Hallo,
wenn ein Vater, sagen wir mal 1.000 Euro netto hat, ist er zwar für einen höheren Betrag verpflichtet aber nur für 100 Euro leistungsfähig.
Wenn Jugendämter usw. korrekt arbeiten berücksichtigen sie die Selbstbehaltsgrenze von 900 Euro und verteilen die darüberliegende Masse an die unterhaltsberechtigten Kinder. In meinem Beispiel wären also 100 Euro zu verteilen.
Wenn der Unterhaltspflichtige nicht absichtlich nur 1.000 Euro verdient, dürfen auch keine Schulden aufflaufen.
Mit absichtlich meine ich, dass er z.

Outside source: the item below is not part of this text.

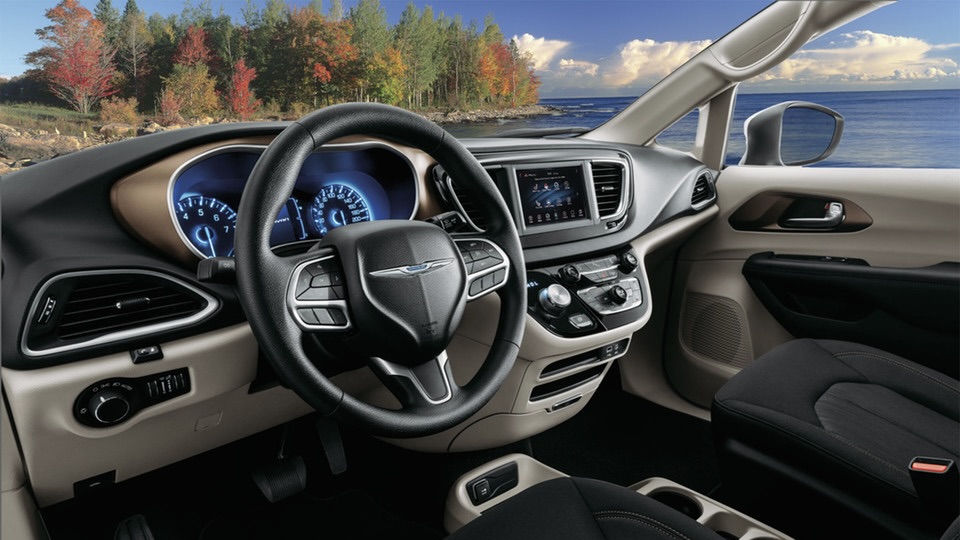 Grande vue sur le design du tableau de bord du Chrysler Grand Caravan 2024.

B. seine Arbeitszeit reduziert hat, einen schlechter bezahlten Job angenommen hat oder ähnliche Aktionen durchgeführt hat um eben weniger zu verdienen. Hier riskiert der Unterhaltspflichtige die Fiktivrechnung.
Auch sollte der Unterhaltspflichtige nachweisen, dass er nicht mehr verdienen kann. Sich also um offene Stellen mit einem höheren Einkommen bewerben und die Absagen sammeln.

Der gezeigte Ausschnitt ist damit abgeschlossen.